November 2011 – Sacramento Book Review of “Fade to Black” Fade to Black is indeed an illuminating collection of short memoirs about the academy awardees of cinema during the golden age of film from 1927 to 1950…This charming recollection of movie greats captures the history of the cinema along with the mixed personalities that endowed it with greatness. It is fitting that we smile in tribute to their memories by reviewing their contributions. This is our inheritance and one that the reader will enjoy. Read entire review my clicking the link – http://citybookreview.com/2011/10/fade-to-black-graveside-memories-of-hollywood-greats-1927-1950/
June 2011 – Readers Favorite review Michael Thomas Barry transports readers back to 1927 – 1950 where he introduces readers to the Hollywood Greats. I must admit that I was not familiar with some of the actors. It was entertaining to read the biography of each one….It is obvious that Barry spent much time in research for this book. He includes photos of the stars and often they are laid to rest. This is not a tell-all book. Barry is very respectful of each star’s reputation. He also shares information on the creation of the Academy of Motion Picture Arts and Science. This book would be a perfect gift for a fan of old movies. Read entire review by clicking the link – http://readersfavorite.com/review/4300
July 2011 – The Midwest book review The immortality of film doesn’t extend to the actors themselves, and a last monument to memory is all the families and fans of them have to remember them. “Fade to Black: Graveside Memories of Hollywood Greats 1927-1950” is a tour guide to the grave site memorials to many of the legends of Hollywood during said era, offering a profile of each, noting their most famed works, what is left of their earthly remains, and where their memorial site can be found. “Fade to Black” is a strong pick for any diehard fan of this classical era of cinema. Read the entire review by clicking the link – http://www.midwestbookreview.com/wbw/jul_11.htm#Theatre/Cinema
June 2011 – Orange Coast Magazine “recommended read” by book reviewer Jane Glenn Haas Review – May 30, 2011 “Author Michael Thomas Barry offers readers a guided tour through the golden years of Hollywood movie making in his book, Fade to Black: Graveside Memories of Hollywood Greats, 1927-1950. The book recounts the formation of the Academy of Motion Picture Arts and Science and the Academy Awards ceremonies from 1929 – 1950. Barry also offers biographic sketches of the major Academy Award winners during this time period. Barry begins this Hollywood journey by delving into the creation of the Academy of Motion Picture Arts and Science. The idea for the organization originated with the head of the Metro-Goldwyn-Mayer studio, Louis B. Mayer. In 1926, Meyer met with three Hollywood powerhouses, an actor, director and producer, to discuss the problem of unions in the film industry. As a result of this meeting, the Academy of Motion Picture Arts and Science was formed to mediate union disputes and to improve the image of the movie industry. Celebrating movie stars, directors and producers for their work became a part of the Academy’s agenda three years later. There were initially 231 members. As the awards become a larger part of the Academy, Barry provides biographical information about the winners of the major award categories: Best Actor, Best Actress, Best Director and later Best Supporting Actor and Best Supporting Actress. These sketches of the lives of Hollywood’s elite from the 1920s to 1950s are the meat of this book. Many of the major stars spanning this time frame are featured including Mary Pickard whose self-campaigning for her 1930 Best Actress award prompted the Academy to alter the voting rules for the awards; Clark Gable, Best Actor in 1935, who like many of the featured stars in this book had multiple marriages; and James Stewart, the decorated Army Colonel who captured the Academy Award for Best Actor in 1941. Barry informs readers about the artists’ lives, their work, and where they were laid to rest.

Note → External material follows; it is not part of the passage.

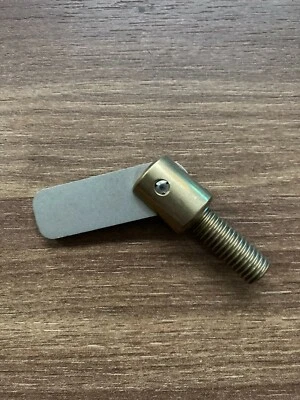 Steris S.T P/N V549368998 MONTAGGIO MANIGLIA ACCESSORI TAVOLO ALM Ricambi - Immagine 1 di 4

By Melissa Brown Levine for Independent Professional Book Reviewers www.bookreviewers.org This is a fascinating, historical piece about old Hollywood filled with beautiful black and white photographs of some of the top stars of the movie industries golden age…For Hollywood buffs and those looking for a lovely coffee table book that will spark conversation, Fade to Black is an exciting and captivating read. I highly recommend it.” May 4, 2011 – “Fade to Black manages to do a good job going where many others have gone before, but does so with a twist”
Allan Ellenberger, Hollywoodland blog “A morbidly glamorous volume.”
Los Angeles Magazine, March 2011 http://www.lamag.com/culture/books/Story.aspx?id=1367028
“This is an enjoyable read offering more then the interesting anecdotes and history so well described by Michael Barry, but an opportunity for loyal fans to pay their respects to those they love and admire. Thank you Michael for your gift and I hope others enjoy it as much as I have.” Celeste Holm, Academy Award winning actress November 16, 2010. Final Resting Places Orange County’s Dead & Famous
June 2011 – www.Booknews.com Barry, who lives in the county, details 24 graveyards in Orange County, California, that are home to the graves of famous people whose lives impacted its historical and cultural growth, like Florence Griffith-Joyner, John Wayne, Linda Marie Brown, Bobby Hatfield, Eddie Cochran, Lefty Williams, Marie Callender, and Nicole Brown Simpson. He profiles entertainment, sports, crime, and political celebrities, with description of the cemeteries, some b&w photos, contact information, and directions to the graves. Public, private, and Catholic cemeteries and historic graveyards are included, such as the Richard M. Nixon Presidential Library, Mission San Juan Capistrano, the Old Mission Cemetery, the Yorba Cemetery, Fairhaven Memorial Park, Pacific View Memorial Park, and Forest Lawn Memorial Park-Cypress. The final chapter discusses five events from which most of the participants are buried in Orange County, including the Battle of Tomato Springs, the Center Street Shoot Out, and the Crash of Pan Am Flight 103. (Annotation ©2011 Book News Inc. Portland, OR) Barry of Anaheim Hills, has completed his guide to Orange County cemeteries and gravesites of famous citizens with biographical and historical information. Barry writes: “in the end, all we really want to do is be remembered.” Included are President Nixon, band leader Freddie Martin, mogul and philantropist John Creen, icon John Wayne, and Nicole Brown-Simpson, the slain ex-wife of O.J. Simpson. A throughly entertaining read and guidebook.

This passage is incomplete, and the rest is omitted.